Diga a verdade: se você fosse governante de um país que mata centenas de pessoas por dia, em crimes que ficam impunes, sem que a polícia dê conta ou a sociedade consiga reagir, você iria viajar pelo mundo anunciando como somos viáveis e bons de serem comprados? Não, você ficaria aqui, a postos, tentando resolver os assassinatos em série, procurando uma saída. Senão, para que serve um país, um governo, uma gigantesca comunidade como a nossa? Serve para que a gente se devore mutuamente? Serve para provar que o Brasil e os brasileiros não prestam?

Além do governante omisso e viajador, temos a grande rede de organizações que se locupletam com dinheiro público e estrangeiro para salvar as tartarugas gigantes e treinam as pessoas em ocupações de escravos. Pois é isso que fazem. Ensinam capoeira, como arrumar a cama dos hotéis, como limpar o hall de entrada, como fazer confeitos. Mas não ensinam quanto é dois mais dois, qual o mistério da crase, por que Machado de Assis é grande, o que significa termos uma literatura, o que pega na teoria dos conjuntos, para que serve a gramática e a língua culta. Tudo isso ficou de fora, e a estudantada está hoje confinada a territórios que são alvo de balas perdidas.

A verdade é que sucatearam o ensino de verdade e colocaram no lugar essa excrescência que é o ensino profissionalizante, onde é aprendida a lição datada, voltada para o mercado e que em pouco tempo vai desaparecer para dar lugar a outra, mais digerível. Você não ensina como dobrar um lençol, você ensina matemática. Você ensina inglês para ler Walt Whitman e a revista New Yorker, não para ciceronear turista em favela. Você ensina latim para explicar de onde vem nossa língua, ensina francês para que possamos ler Victor Hugo no original (que epifania! que experiência! que deslumbre!) e assistir Godard sem legendas. O ensino é sagrado, é a base da cidadania e da liberdade. Com o aprendizado do que realmente importa, você faz o que quer, até mesmo passear cachorro em Miami.

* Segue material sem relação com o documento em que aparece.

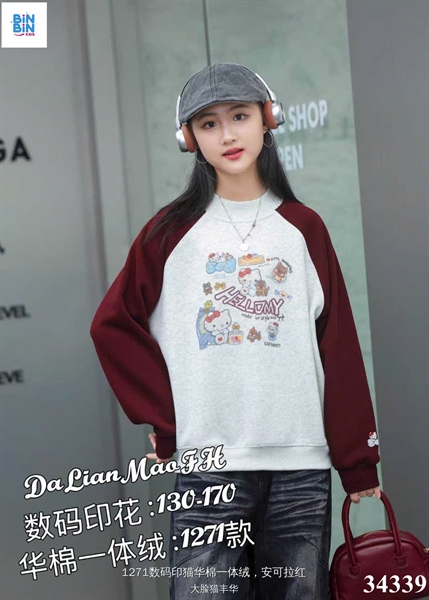 34339- Áo SWT kitty kẹo sắc màu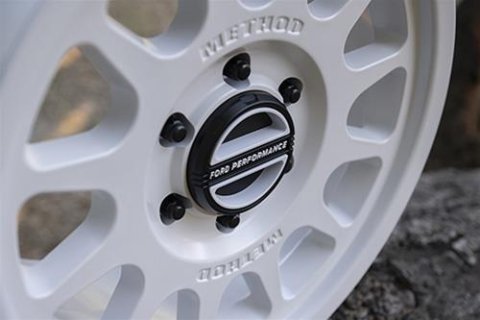 Ford Racing Bronco Method Center Cap - Oxford White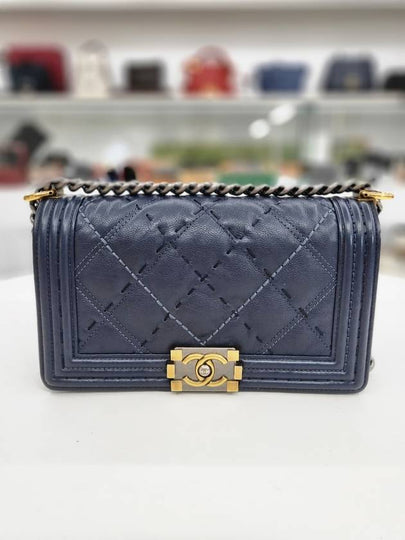 Boy Bag Vintage Navy Small Shoulder A92881 - CHANEL - BALAAN 2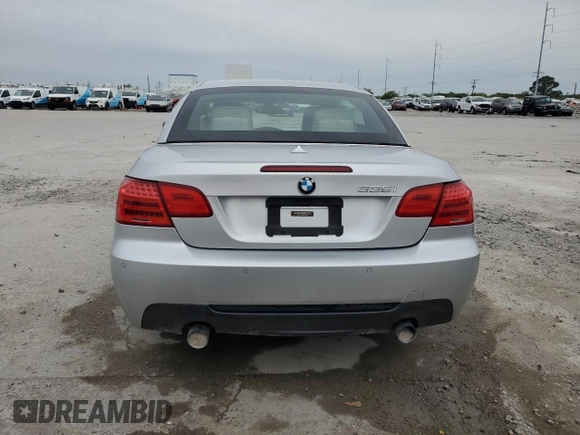2013 BMW 3 Series 335i with VIN WBADX7C59DJ590306, listed as a Copart auction lot 50372085 with 106,343 mi miles and Salvage Title. Bid and sale history available at DreamBid. Image 6.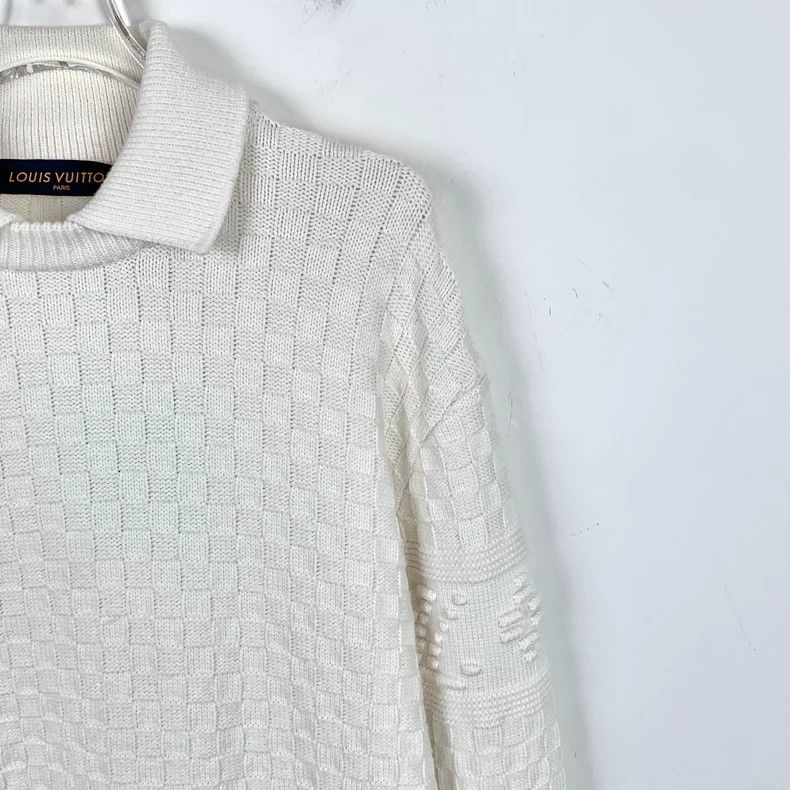 Louis Vuitton Louis Vuitton 23 Long Sleeve Sweater with Checker Lapel in Size US S / EU 44-46 / 1 - 3 Thumbnail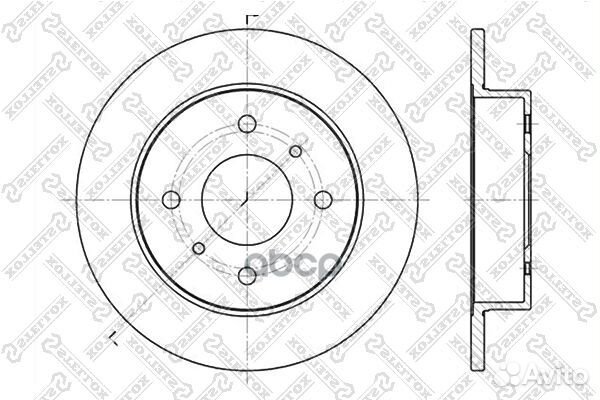 6020-2229-SX диск тормозной задний Nissan Alme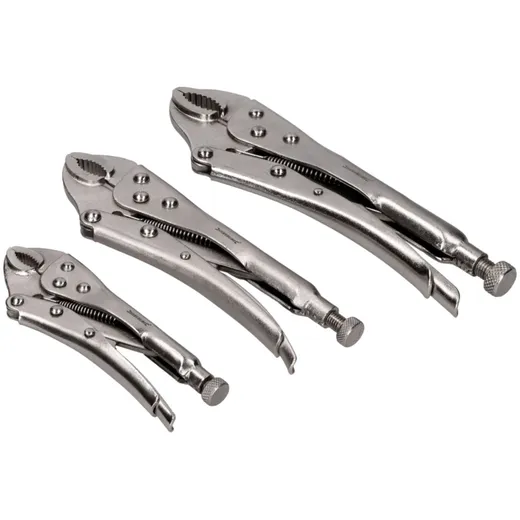 Gripzange / Feststellzange Set 3-teilig 43481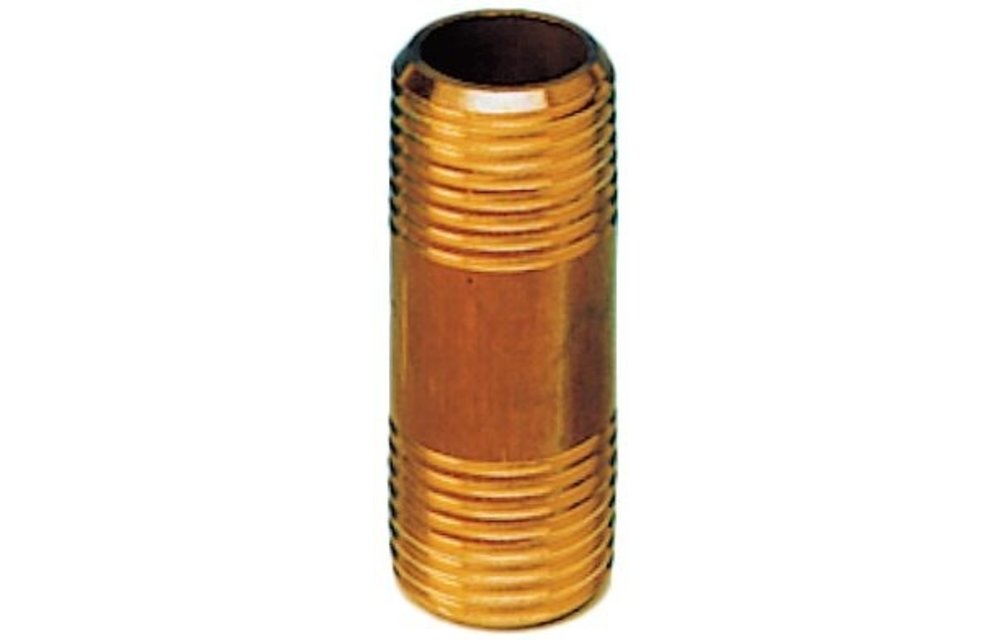 Allpa Messing verlengpijp 3/4 x 120mm 2-zijden buitendraad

Agora, se você ensina o sujeito a só passear cachorro em Miami, quando Miami sucumbir com uma avalanche de ódio étnico e de seu luxo não ficar nem pistas do Miami Vice, então onde você ficará, para onde vai se recolher? Você não pode perder tempo vendo aqueles falsos humoristas energúmenos dizendo baixaria enquanto o "Profissão: Repórter", como cavalo campeão preso na raia, bufa para sair correndo e mostrar o país onde vivemos.

Ou entendemos o que se passa à nossa volta, ou seremos todos massacrados por essa ditadura interminável, que jamais será apeada do poder enquanto acharmos que isso tudo é normal. Normal um bom caçaralho!

RETORNO - Imagem de hoje: Caco Barcelos e suja equipe do "Profissão: Repórter". Disparado, o melhor programa da televisão brasileira atualmente.